- Born: November 23, 1965 (age 60) Washington, D.C.
- Education: Princeton University University of California, Berkeley
- Known for: Jarzynski equality
- Awards: Sackler Prize Onsager Prize American Physical Society Fellow American Academy of Arts and Sciences Fellow Simons Fellow Guggenheim Fellow Member of the National Academy of Sciences
- Scientific career
- Doctoral advisor: Władysław J. Świątecki Robert Grayson Littlejohn
- Website: http://www.chem.umd.edu/faculty-staff-directory/facultydirectory/christopher-jarzynski

= Christopher Jarzynski =

American physicist (born 1965)

Christopher Jarzynski is an American physicist and distinguished university professor at University of Maryland's department of chemistry and biochemistry, department of physics, and institute for physical science and technology, and fellow of the National Academy of Sciences. He is known for his contributions to non-equilibrium thermodynamics and statistical mechanics, for which he was awarded the 2019 Lars Onsager Prize. In 1997, he derived the now famous Jarzynski equality, confirmation of which was cited by the Nobel Committee for Physics as an application of one of the winning inventions of the 2018 Nobel Prize in physics—optical tweezers.

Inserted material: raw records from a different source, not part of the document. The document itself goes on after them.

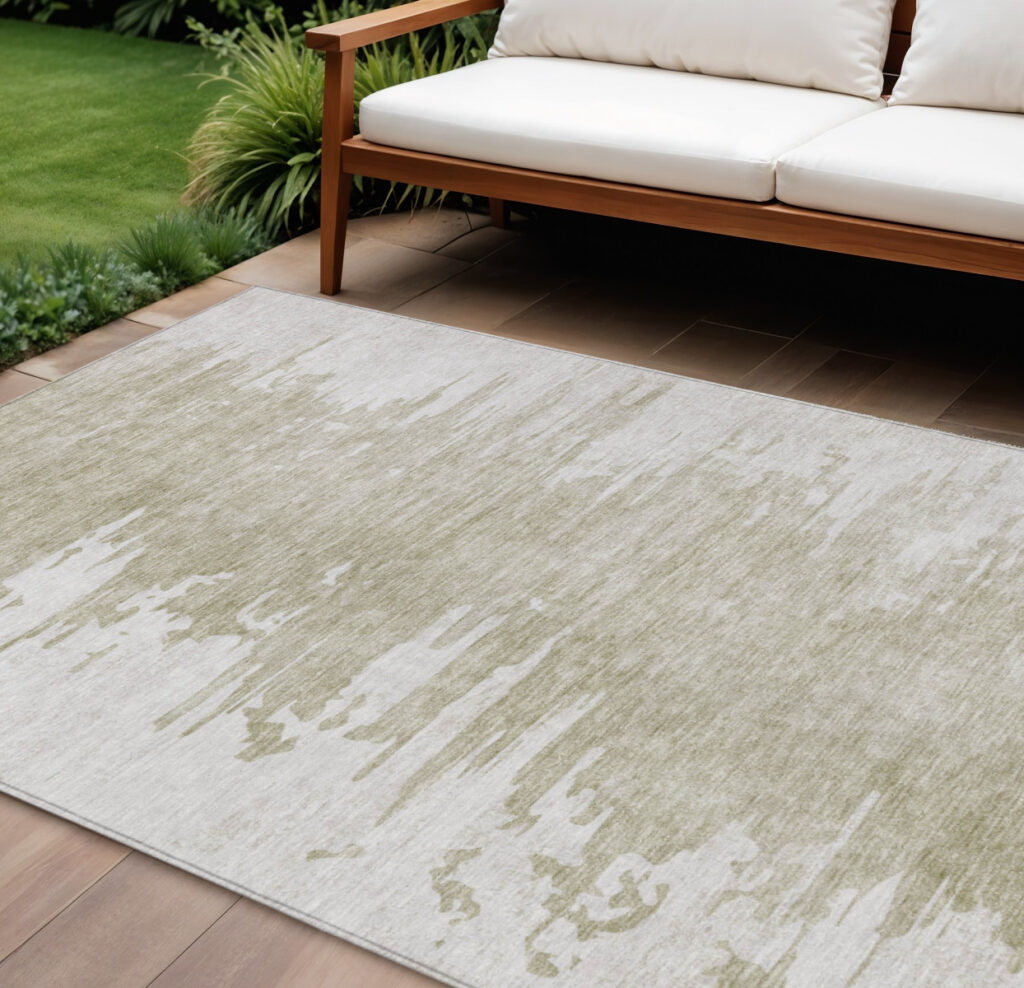 10' X 14' Taupe Beige And Tan Abstract Washable Indoor Outdoor Area Rug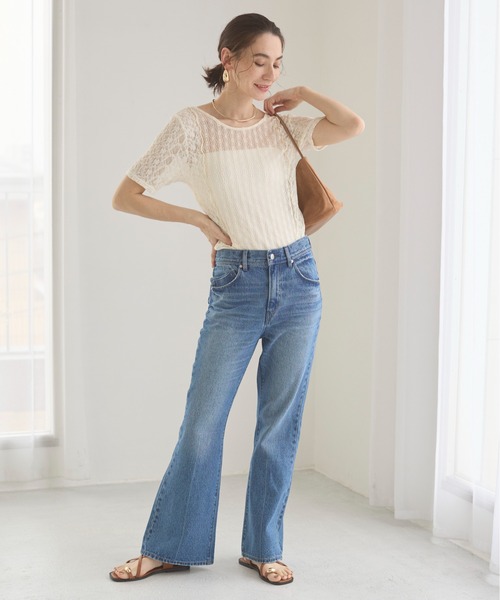 POPPY レースパッチワークトップス セール】パッチワーク レース トップス (半袖）（Tシャツ
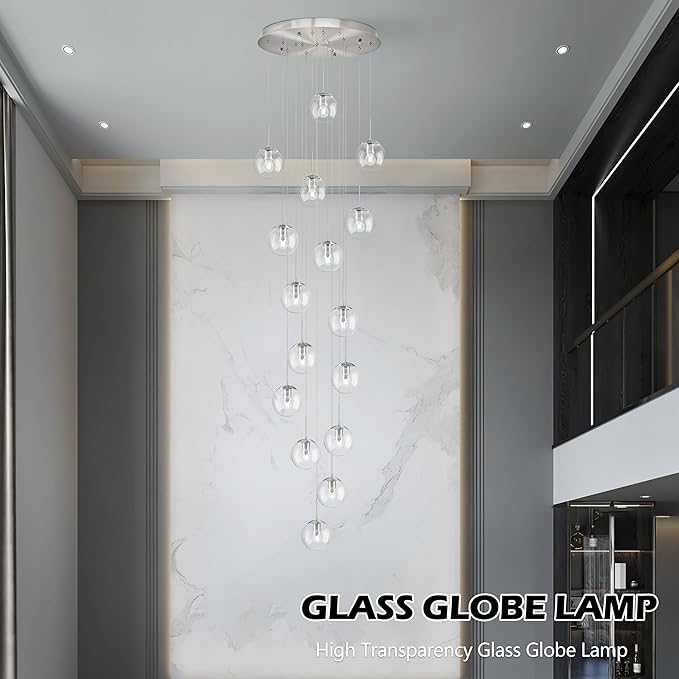 KoKo&Yukina 16-Light Nickel Mid Century Modern Chandelier for Living Room Staircase Chandelier for Entryway Clear Globe Glass Chandelier High Ceiling Chandeliers Foyer Entryway (Bulb & Remote Incl.)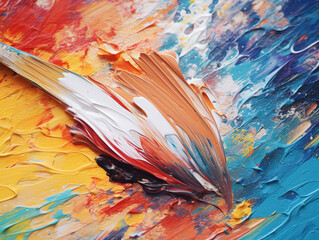 Photo of Close-up of a paintbrush stroke: Close-up shots of a paintbrush stroke reveal the texture, thickness, and the expressive marks created by the brush on the canvas or surface.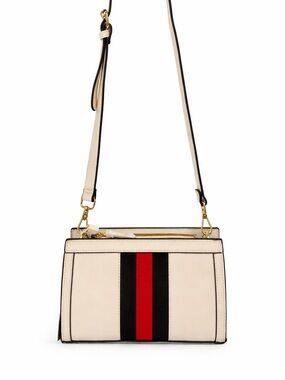 Vegan Leather Cream Web Stripe Red Black Designer Inspired Cross Body Bag New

==Education and research==
Jarzynski graduated from Our Lady of Good Counsel High School in Wheaton, Maryland in 1983. He then attended Princeton University from where he graduated with high honors with an A.B. in physics in 1987 after completing a senior thesis titled "An experimental search for 1.7 MEV axions in nuclear decays, 'the detector from hell'." He received his Ph.D. in physics in 1994 from University of California, Berkeley, under the supervision of Władysław J. Świątecki and Robert Grayson Littlejohn.

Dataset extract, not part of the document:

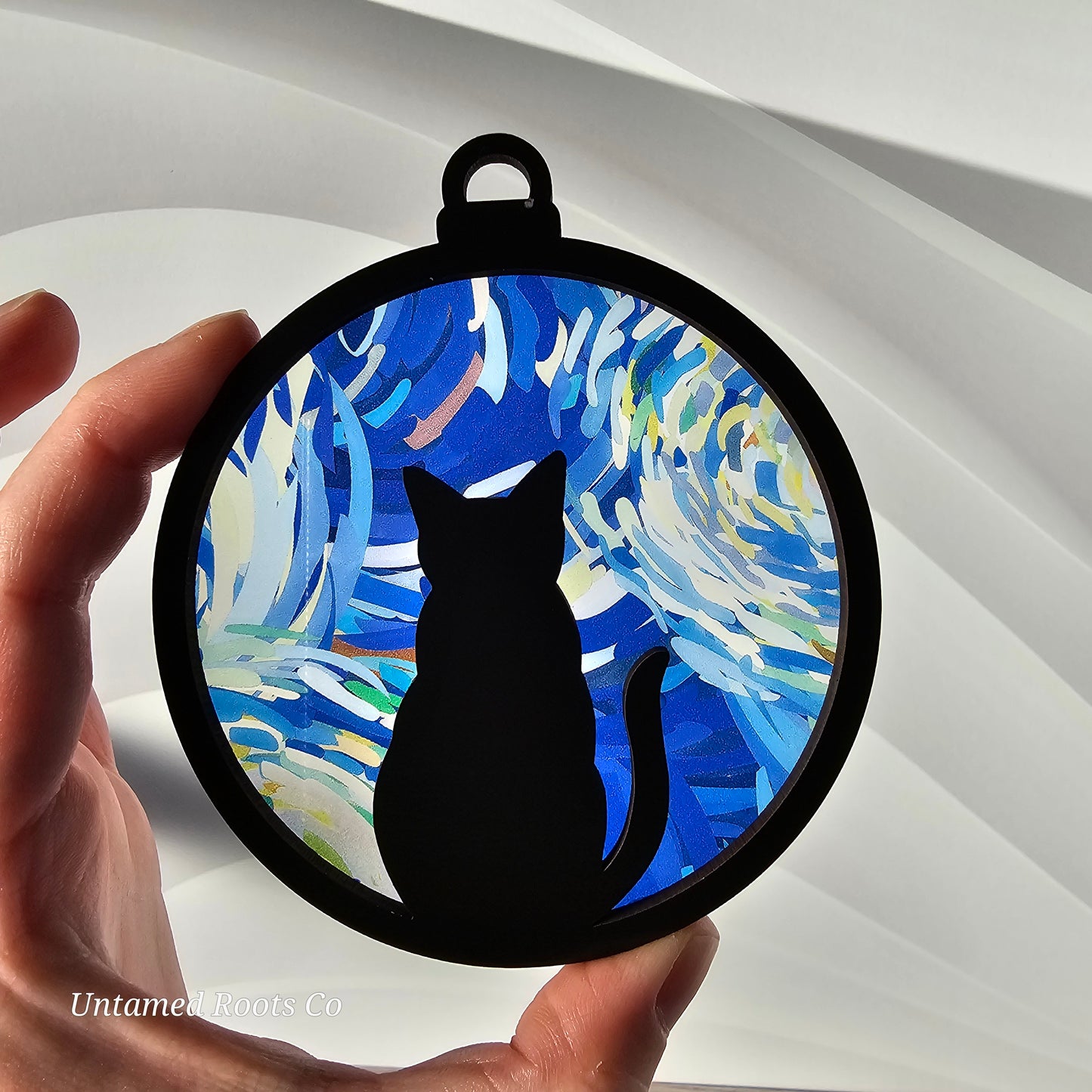 Cat Suncatcher Ornament - Translucent Starry Night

At University of California, Berkeley, Jarzynski studied adiabatic invariants in chaotic classical systems. After graduating with a PhD, he spent ten years at Los Alamos National Laboratory, and since 2006 he has been faculty at the University of Maryland, College Park. His research is primarily in the area of non-equilibrium statistical mechanics, where he has contributed to an understanding of how the laws of thermodynamics apply to nanoscale systems. In 1997, he derived an equality, now known as the Jarzynski equality, that relates nonequilibrium fluctuations to equilibrium free energy differences, a result that has been verified in numerous experiments and has found applications in biophysics and computational chemistry. His current interests also include the thermodynamics of information processing, as well as shortcuts to adiabaticity in quantum, classical and stochastic systems.

== Awards and honours ==
He has been the recipient of a Fulbright Fellowship, the Sackler Prize in the Physical Sciences, and the 2019 Lars Onsager Prize. He is a fellow of the American Physical Society and the American Academy of Arts and Sciences. In 2020 he was elected to the National Academy of Sciences and awarded a Guggenheim Fellowship and Simons Fellowship.

Jarzynski is a member of the editorial board of the Journal of Statistical Mechanics: Theory and Experiment, and an associate editor of the Journal of Statistical Physics.